良くも悪くも、ノエル先輩の才能は群を抜いている。
目立つのは当然だろう。
⋯⋯実力以外にも素行で少々問題がありそうだけど。
「あれれ? どったの、ユリユリ。誰か探してる?」
「! ノエル先輩⋯⋯!」
ノエル先輩が背後から現れる。
会えて良かった。
「頼んでいたものが届きました。今日から本格的に戦法について話せそうです」
「おお⋯⋯!」
「まとまった時間が必要になりますが、何かご予定はありますか?」
「ないない。場所は移動したほうがいいよね」
「はい」
「おけおけ。―――【転移】!」
見慣れた教室から緑の多い草原へと世界が変わる。
ノエル先輩がいつもの場所に転移したのだ。
「それでそれで? 武器、届いたんでしょ?」
「しーっ、武器ってことは内緒でって言ったじゃないですか」
「あっ、そっか。ごめんごめん」
謝ってはいるが、それ以上に興味や好奇心が勝っているようで、目がキラキラしている。
ノエル先輩らしい。
―――【空間】【転移】
異空間に収納しておいた武器―――拳銃を取り出し、ノエル先輩に手渡した。
「これが⋯⋯」
「今回の魔法戦のため依頼した魔道具―――魔法銃です」
「魔法銃⋯⋯?」
外側には鉄を使っており、光に反射して黒く鈍く輝く。
精巧に作られたそれは、とても美しい。
美しいのだが―――
『名前はクロトがいいな』
『クロト、ですか?』
『あぁ。運命の糸を紡ぐ女神の名前だ。この武器の名にふさわしい』
ただの魔法銃でいいと思っていたが、ザックは自分のつくった武器で、特に優れたものに名前をつけるらしい。

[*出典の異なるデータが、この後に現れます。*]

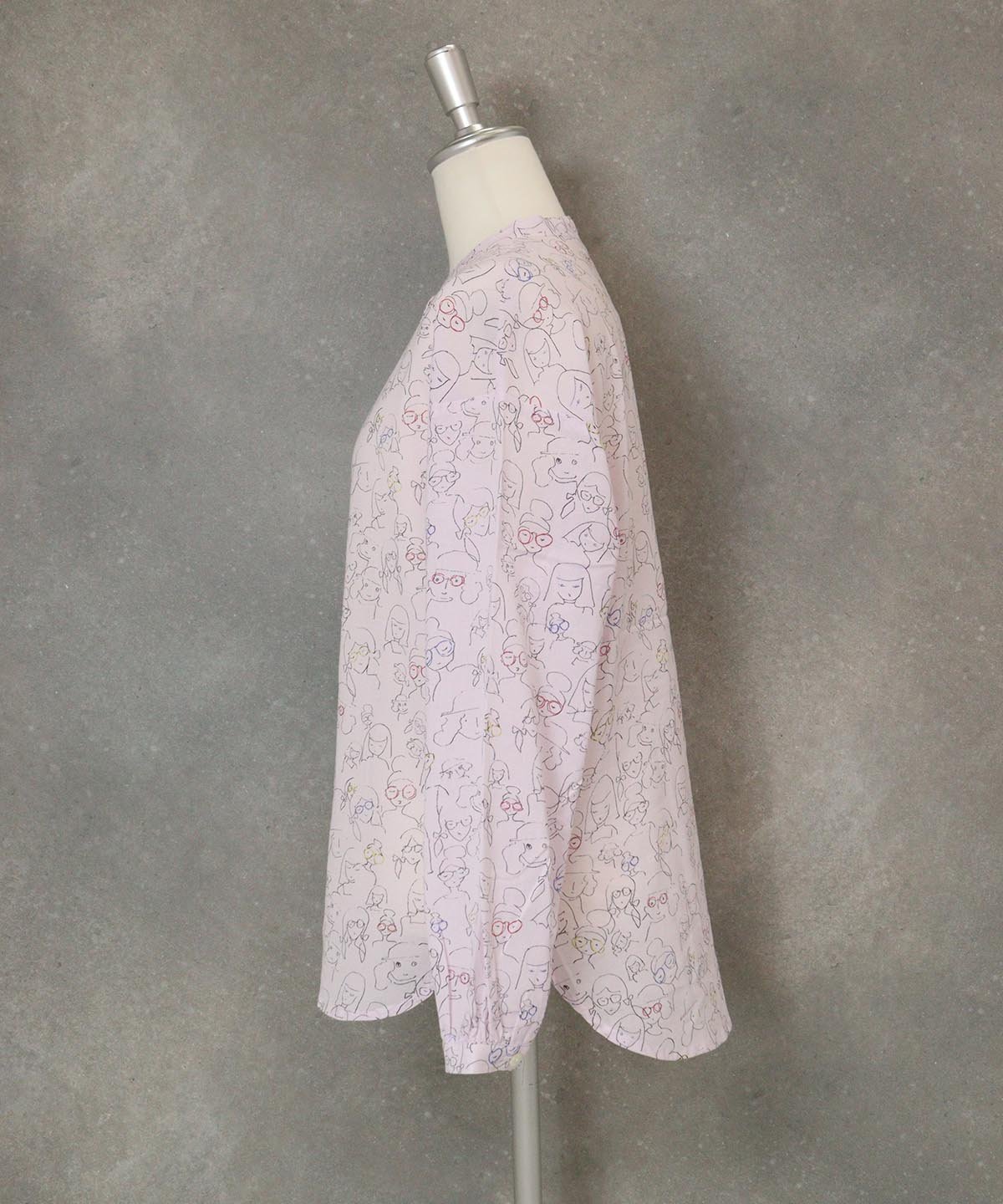 【SALE／40%OFF】STUDIO PICONE 総柄シアーブラウス スタジオピッコーネ トップス シャツ・ブラウス ピンク ホワイト【送料無料】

名前があって困るものではなかったため、結果、魔法銃はクロトと名で決定した。
―――まさか本当に短期間で完成させるとは⋯⋯さすがノイア・ノアールの専属武器職人。腕も良ければ仕事も早いとは。
あとでエヴァに上乗せした料金を渡しておこう。
ザックは良い仕事をしてくれた。
「ねぇユリユリ。これは、どういうものなの? 見た感じ武器だけど、魔道具でしょ、これ?」
「! よく分かりましたね、魔道具だと」
「まあね。これでもあたし、先輩だから」
―――先輩かどうかは関係ないのでは⋯⋯?
ノエル先輩は一通り見ると、魔法銃の見解を述べた。
「この中に魔力を流して、魔法を発動させるって感じかな? 魔法の使用は禁止だけど、それは、何かを媒介に発動させるのはありって意味だから、今回の場合は魔道具を頼るんだよね? あくまで私は魔力を流しただけ、ってことになるから」
「っ、そう、です」
「ここのL字のところのリングは魔力を吸うところで合ってる?」
「はい。リングに利き手の人差し指を入れて携帯します。その部分を強く押すと⋯⋯」
「魔力が吸われるってわけか。そしてその魔力は魔法となり、筒の先から発射される。ユリユリのことだし、吸収する魔力量は自動で調節してくれるって感じ? 魔法の威力は使い手の魔力の質と発動させる魔法のレベルで変わる⋯⋯こんなところかな」
当たりだ。
すべて当たっている。
「ねえねえ、魔力を魔法に変えるとき、どうやって指定の魔法にするの? あたしがするのは魔力吸われるだけだから、よく分かんなくて⋯⋯」
「この魔力弾というものを使います。この細長い円柱の穴にセットして、魔力を流すと魔法が発動します。試しにこれを使って撃ってみてください。的は⋯⋯【創造】」
分厚い丸太を創り、奥の方に置く。
「この真ん中を狙ってください」
「ん。りょーかいっ⋯⋯!」
数秒、ほんの数秒の間にノエル先輩は狙いを定め、引き金に指をかけ、強く押した。
魔法銃《クロト》がノエル先輩の魔力を吸収し、魔法へと変換する。
「⋯⋯ここ」
一閃の光が放たれ、魔法が発動した。
さっき入れた魔法弾は【氷結】―――丸太の真ん中には氷柱のようなものが突き刺さっていた。
「やった! 狙い通り~!」
―――すっご⋯⋯。
ぴったり真ん中、ど真ん中をノエル先輩は射抜いた。
魔法銃を使うのは初めてのはずなのに、この精度⋯⋯ただの戦闘好きではない。
これは才能の領域だ。
戦いの才能、武器を扱う才能が、ノエル先輩にはある。
―――しかもノエル先輩、魔法銃の仕組みを初見で見抜いた。
銃はこの世界に存在していない武器。
だからノエル先輩は扱ったことがないはずなのに、鋭い観察眼で仕組みを理解した。
この先輩は、すごい。
同じ人間とはとても思えない。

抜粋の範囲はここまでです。